The current debacle going on in Formula 1 has raised the question of whether there should be customer cars. I have written about this before, but I think it bears repeating. Customer cars was where F1 came from and it should not be where it is going to. If one analyses the sport and asks what’s wrong, the answer is very simple: the sport generates $1.8 billion in revenues and it cannot maintain 11 teams making 20 appearances each year.
That is insane.
To understand why this happens one must look at history. Bernie grabbed the rights to promote the sport and has done an amazing job to build the sport up to the level it is at today. There is still loads of potential for more. However, in doing this Mr E buttered his own toast before anyone else got a taste and at one point he was taking about 65 percent of the revenues and the teams were left with the leftovers. They tried to get together to force him to change but on each occasion Ferrari accepted an offer and split away from the other teams. Ferrari is a key player in the sport and everyone accepts that the Italian car firm is a bit special. F1 and Ferrari go together. Ferrari did what was best for Ferrari. After Ferrari left the opposition crumbled. The end result of this is that Ecclestone has been able to whip the teams into line and keep more of the money for himself and those who have bought into his business.
The problem with that is that over time other teams have, quite rightly, argued that this is not fair and so Bernie has had to make concessions for them as well. Thus today we have a system that is skewed in favour of the big teams. How skewed? Well, read this and weep.

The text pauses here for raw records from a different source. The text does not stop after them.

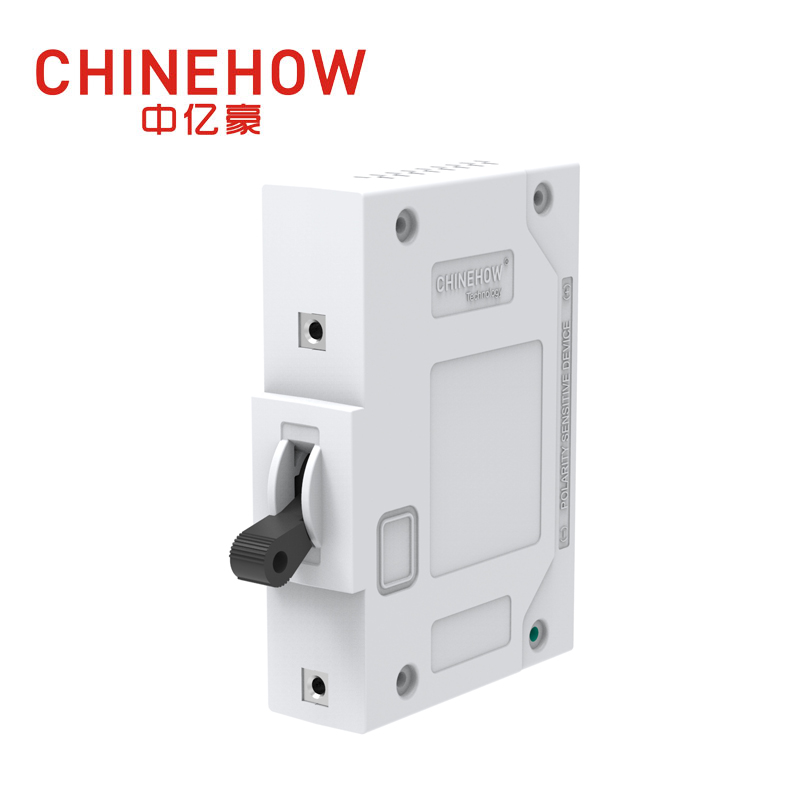 สวิตช์เบรกเกอร์แม่เหล็ก Hudraulic แบบแมนนวล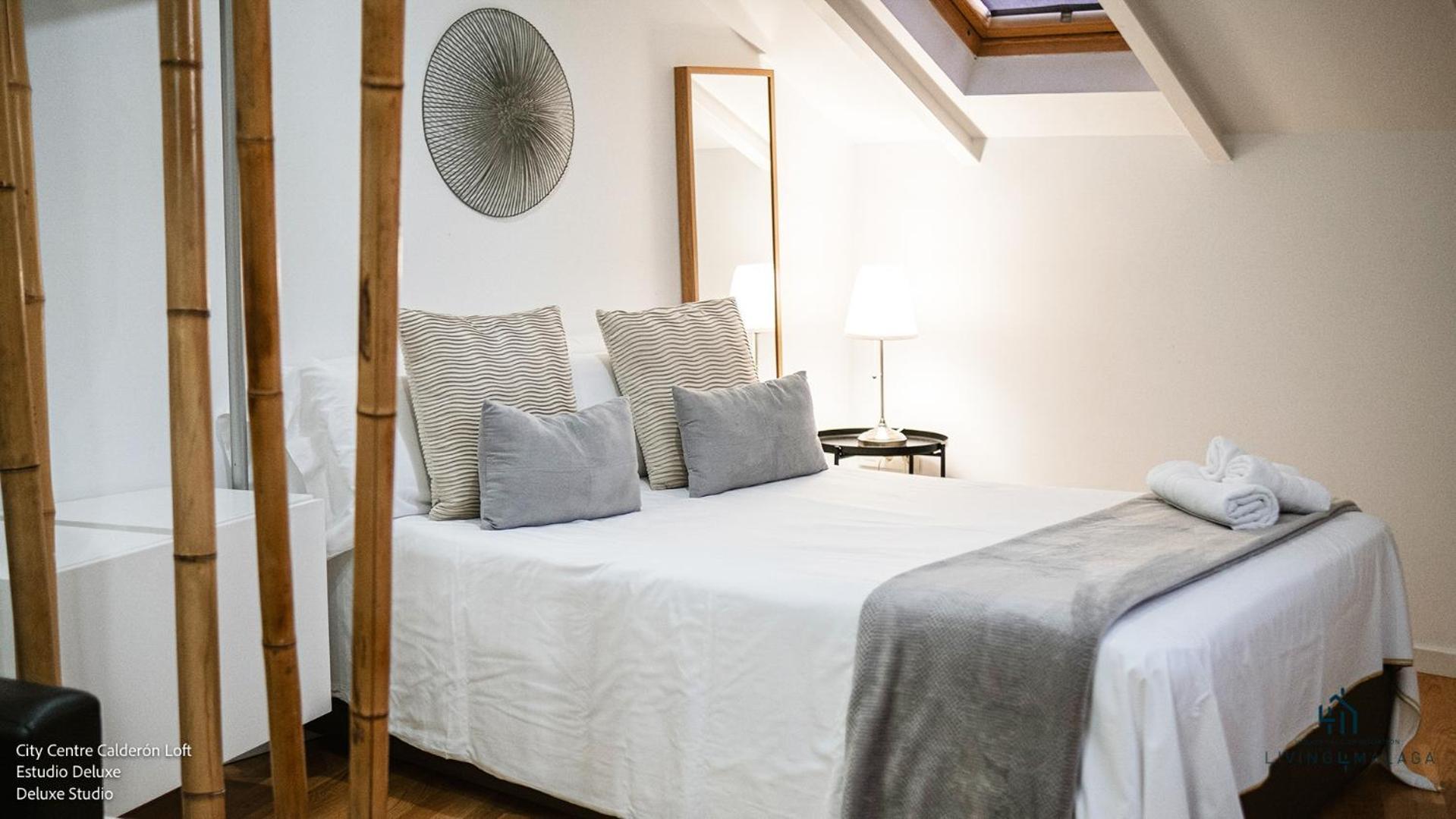 Living4malaga Calderon De La Barca Apartment *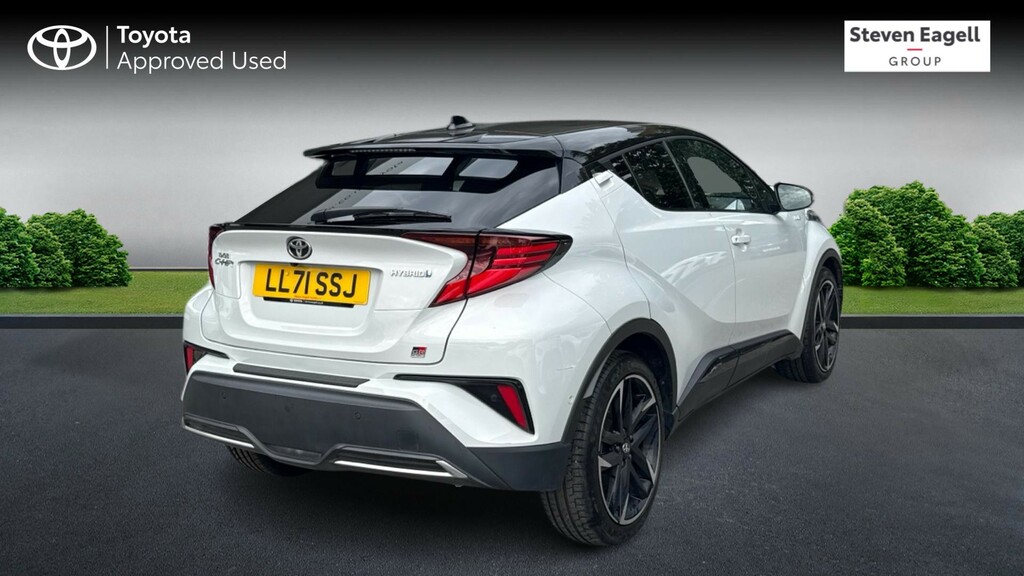 Toyota C-Hr 1.8 Hybrid Excel #2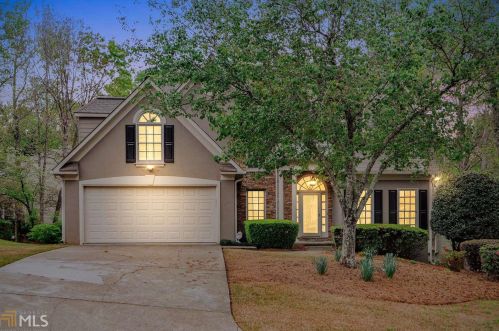 891 Devonwood Trl, Marietta GA  30064-5439 exterior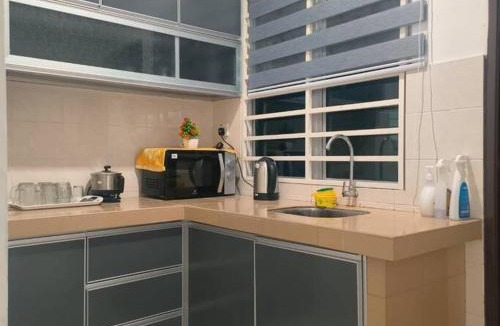 Asam Kumbang House | Taiping Holiday Home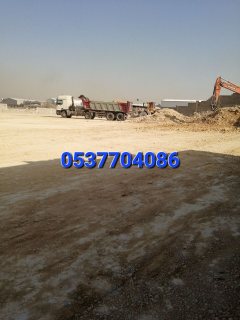   تنفيذ جميع أعمال الاسفلت والقشط بجميع المواصفات 0537704086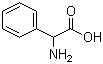 CAS # 2835-06-5, 2-Amino-2-phenylacetic acid, 2-Phenylglycine, DL-alpha-Phenylglycine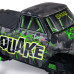 1/10 QUAKE 223S DSC 2WD RTR Brushless Monster Truck, Green by ARRMA SRP $649.02 1/10 QUAKE 223S DSC 2WD RTR Brushless Monster Truck, Green by ARRMA SRP $649.02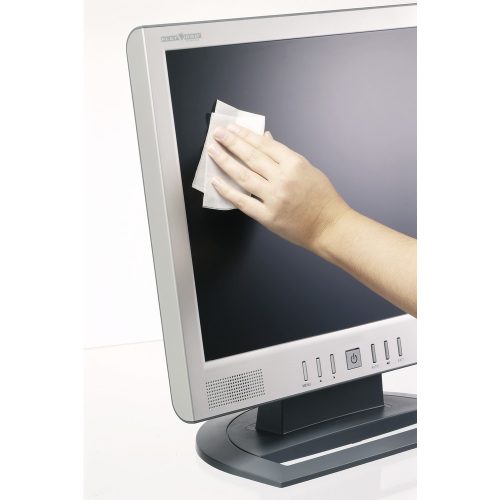 DURABLE, DURABLE Screen Clean 50 578702 Reinigungst&uuml;cher 50 St&uuml;ck
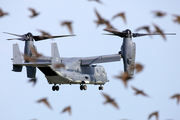 United States Air Force Boeing CV-22B Osprey (11-0057) at  Hamburg - Fuhlsbuettel (Helmut Schmidt), Germany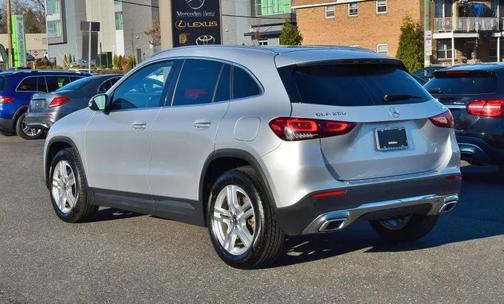 2021 Mercedes-Benz GLA 250 Base 4MATIC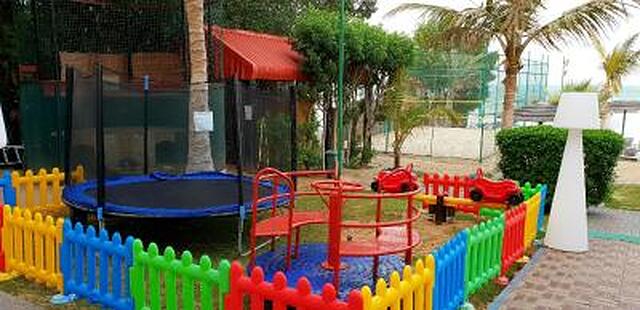 ساهارا بیچ ریزرت اند اسپا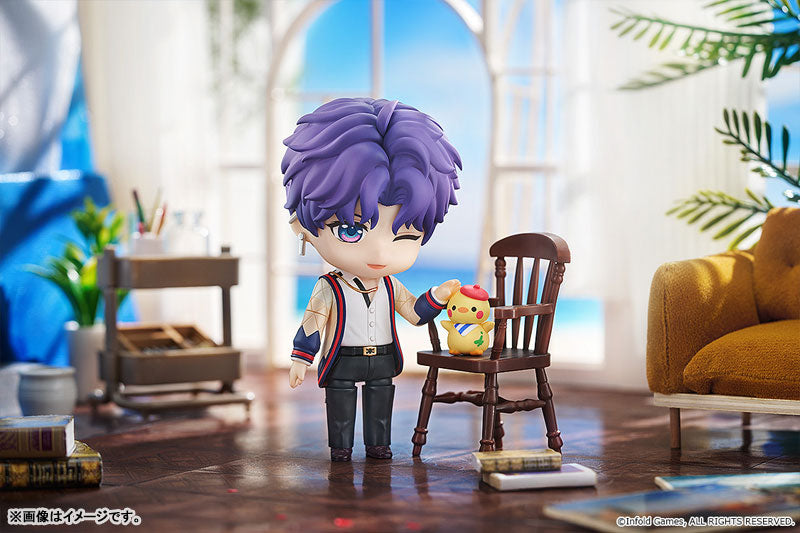 ねんどろいど 恋と深空 ホムラ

The main prize funds in F1 give the teams a fund of around $800. This is divided in two. One of the two parts in then divided into 10 and so each team gets about $40 million. The other part is divided up based on results, with established percentages for positions 1-10. The championship winners get about $80 million, the least successful get about $10 million. Thus added together, the top team would get around $120 million, the bottom one around $50. The 11th team got a one-off payment of $10 million. These percentages do not change but the revenues go up each year.

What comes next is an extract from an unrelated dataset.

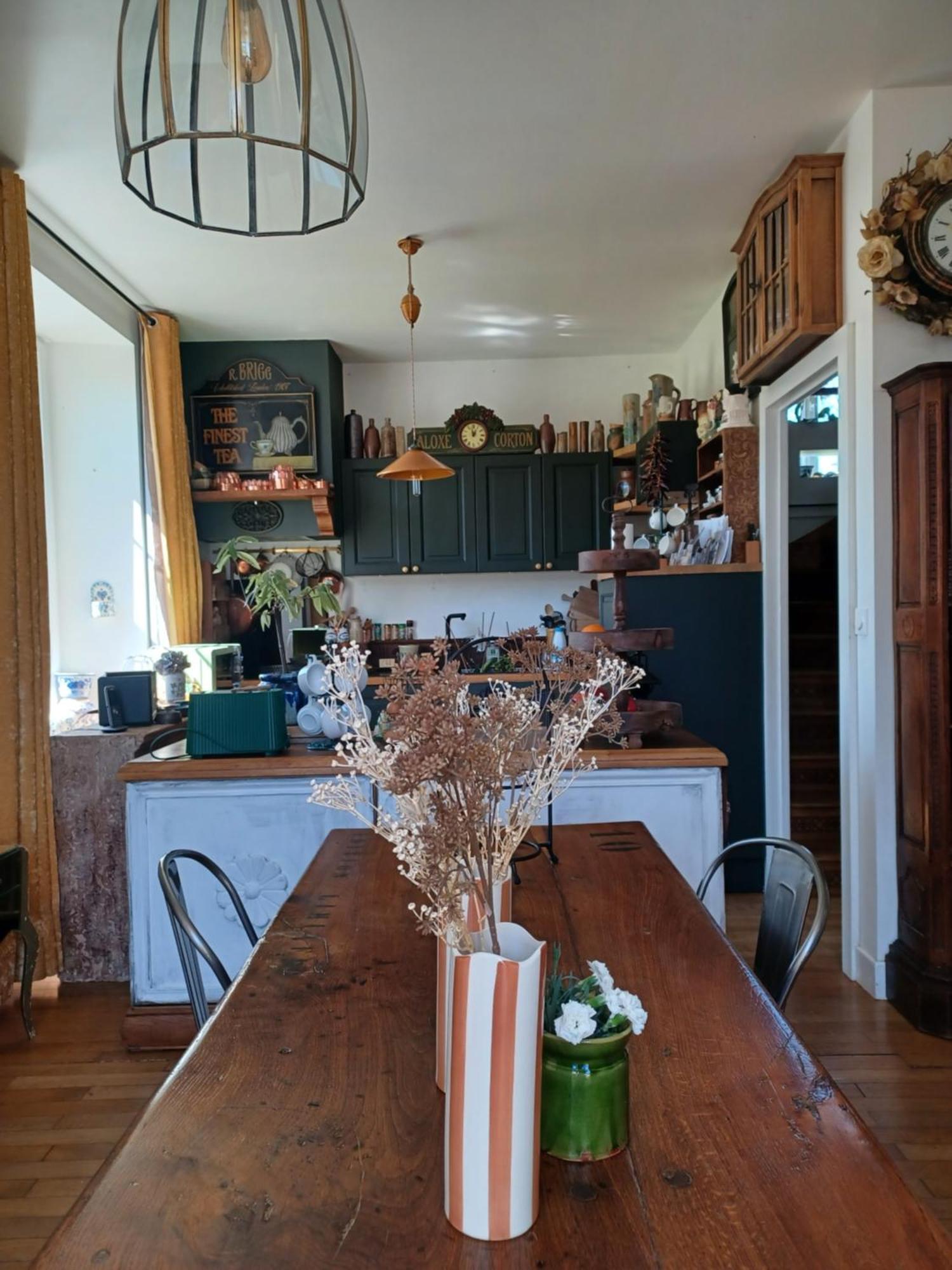 캥페르 Le Banellou B&B 외부 사진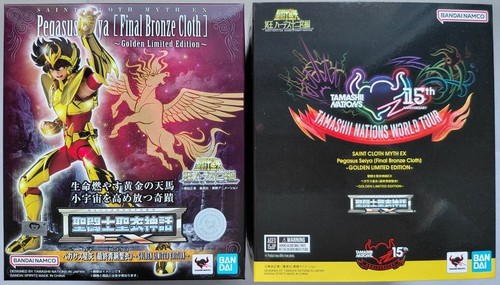 Saint seiya myth cloth - seiya, "myth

In the most recent round of negotiations Ecclestone had to increase Ferrari’s bonus payments to a total of five percent of the revenues: two and a half percent from the team’s overall share of the money and two and a half percent from the promoter’s share. Thus Ferrari gained $90 million before the prize fund was taken into consideration.

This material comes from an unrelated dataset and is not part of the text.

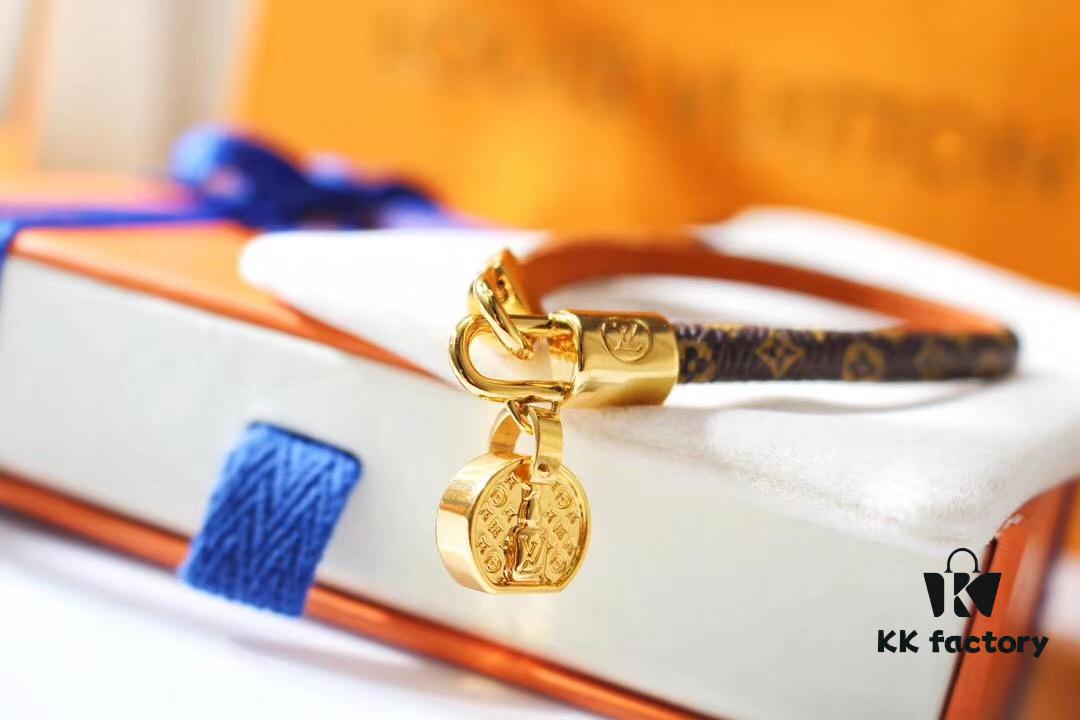 Louis Vuitton Handbag Bracelet Strap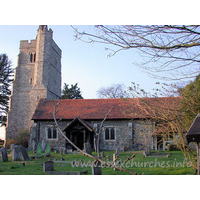 St Mary, Runwell Church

In addition to that, there was a new Constructor’s Championship Bonus fund , made up of 7.5 percent of the sport’s revenues (believed to come from the promoter’s share), which is given to the top three teams, based on the number of race wins achieved in the previous four seasons. It is not clear which seasons are included in this calculation, but if we take the period 2010 – 2013 as the guide, we see that the fund (worth around $135 million in 2015) will have been divided between Red Bull, McLaren and Ferrari. There were 77 races in that period, Red Bull won 41, McLaren 18, Ferrari 11, Mercedes 4, Lotus 2 and Williams 1. This meant that Red Bull took home about $80 million in addition to the regular prize money, McLaren took around $35 million and Ferrari took another $15 million. This will change in 2015 as Ferrari’s total between 2011 – 2014 will drop to five, Mercedes will sprint to around 20 and so Ferrari will drop out of the top three and lose its share of this fund.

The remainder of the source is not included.